ヴァンドレッド the second stage連載「Eternal Advance」
Chapter 24 "Men and Women"
Action52 −安留−
ブザム・A・カレッサこと浦霞天明は軍部を掌握するべく、まず現状を探る。
スパイ活動において現状把握と情報収集はお手の物であり、マグノ海賊団捕縛の功績を立てて出世した彼からすれば容易いことだった。
非合法的な活動に従事していた彼ではあるが、人望は厚い。存在は明るみにはなっていたが、軍人なんてそんなものである。

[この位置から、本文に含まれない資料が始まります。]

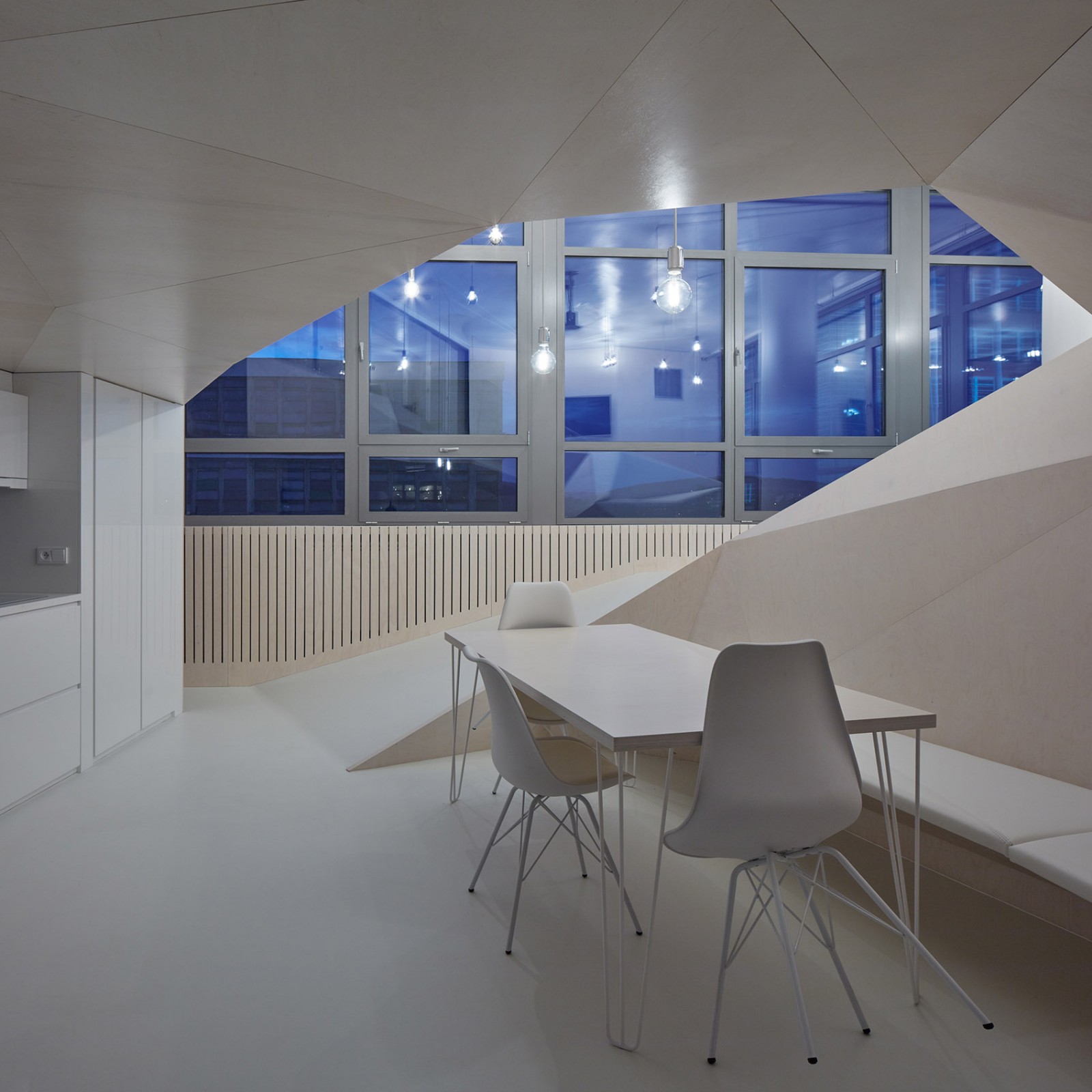 新作 | petrjanda/brainwork：捷克 兹林32号阁楼式公寓-34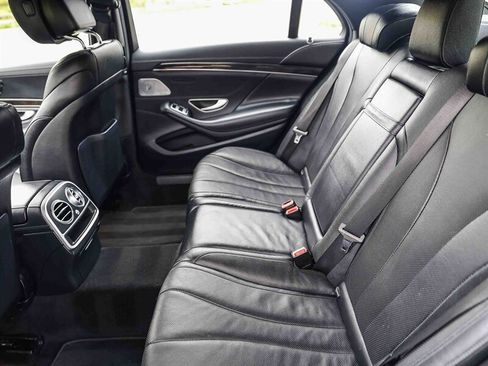 Used 2016 Mercedes-Benz S 550 Sedan image 23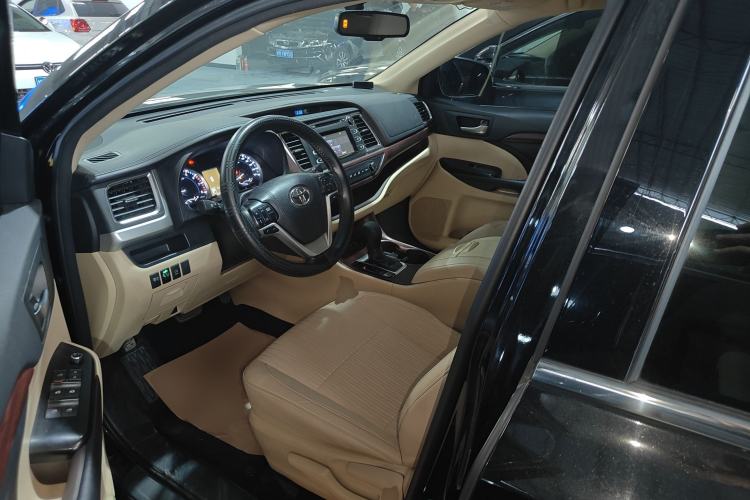 Used Toyota Highlander 2018 2.0T Four-Wheel Drive Elite Edition 7 Seats China V Standard Left Front Seat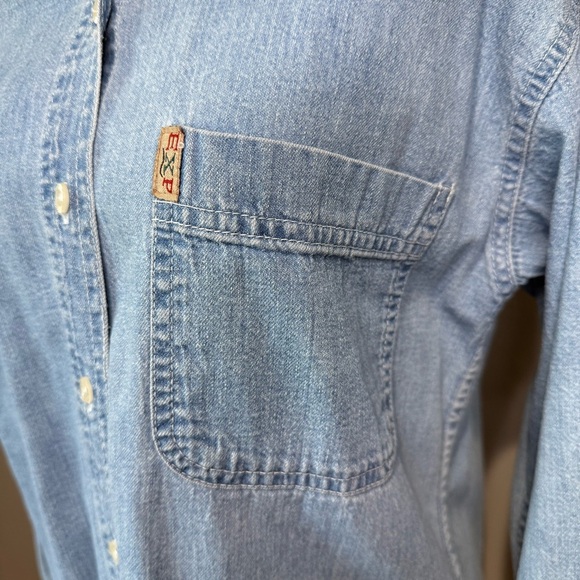 Vintage Express Denim Button-Up Shirt – Light Wash – Made in Hong Kong - Picture 3 of 6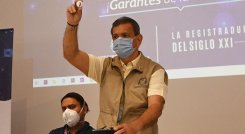 Por medio de balotas se sorteó la posición de los partidos en el tarjetón./Foto Jorge Gutiérrez-La Opinión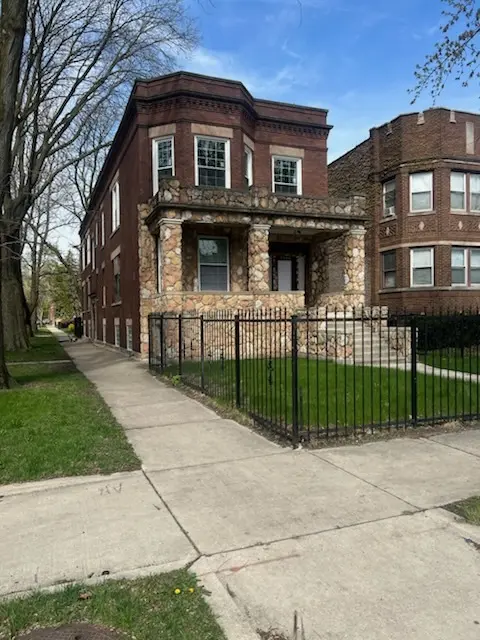 7758 S Saginaw AVE #2, Chicago, IL 60649
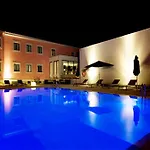 Hotel Primavera Perfume 3*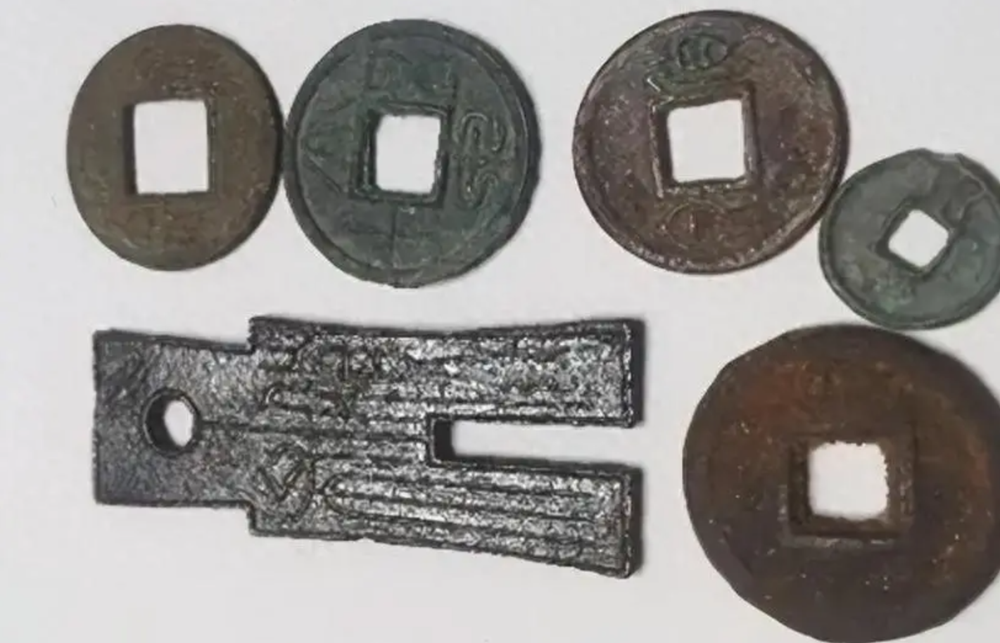 Tìm thấy ‘ngân hàng dưới lòng đất’ chứa gần nửa tấn tiền cổ, trị giá hơn 340 tỷ đồng - ảnh 2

軍隊に、英雄なんて求められていない。必要とされるのは、国を守る志とスキルを持っているかどうかにある。
「軍艦イカヅチについては事故で片付けられたのか」
「はっ、マグノ海賊団が起こした爆破事故で処理されております。
我々タラーク軍によって追い詰められたマグノ海賊団が逃走を図るべく、暴走を起こしたとの見解です」
部下の報告に浦霞天明は重々しく頷きつつも、内申で苦笑いを浮かべていた。
どういった処理をされたのか、彼なりに推測は立てていたが、なかなか上手い言い訳を考える。
決して的外れではない。暴走が起きた事自体は事実だし、当時あの現場はカイの奮戦によりマグノ海賊団が撤退も考慮していた。
この判断について考える。
(責任追及を逃れたい軍部と、真実を明らかにしたくない国の思惑が一致した結果か)
恐らくタラーク国家は、当時の暴走事故がペークシス・プラグマによって引き起こされたワームホール事故だと把握している。
だが公になってしまえば、ペークシス・プラグマへの追求が始まってしまう。
地球が現在もう一つのペークシス・プラグマを使用していることから考えても、この結晶体の存在が絶対明らかにできない。
だからこそ、暴走の原因をマグノ海賊団にすり替えた。
(軍艦イカヅチにペークシス・プラグマが眠っていたのは偶然だったのか、意図的に封印していたのか)
ペークシス・プラグマの意思が精霊という存在である事は、カイより伺っている。
ニル・ヴァーナのペークシス・プラグマはソラという精霊、地球のペークシス・プラグマにはユメという精霊が存在している。
ソラ達の話ではオリジナルのペークシス・プラグマに宿った意思であり、精霊化したのはカイというマスターと接触した影響であるという。
そのオリジナルが軍艦イカヅチに眠っていたのは、国による判断かどうかは読み取れない。
(いずれにしても暴走事故でオリジナルの存在が確実に明らかとなっている。
タラークとメジェール国家に伝わった可能性が高く、地球も既に知っていると考えるべきだ。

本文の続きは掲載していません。